-- DATASET SECTION follows --

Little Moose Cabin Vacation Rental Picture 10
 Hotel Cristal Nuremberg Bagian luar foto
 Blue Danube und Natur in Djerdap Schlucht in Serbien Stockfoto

-- DATASET SECTION concluded --

**WORK ITEM**
The answer is a portion of the data. Write out exactly the line with "Hotel Cristal Nuremberg Bagian luar foto" and all lines after it.

**TASK RESPONSE**
 Hotel Cristal Nuremberg Bagian luar foto
 Blue Danube und Natur in Djerdap Schlucht in Serbien Stockfoto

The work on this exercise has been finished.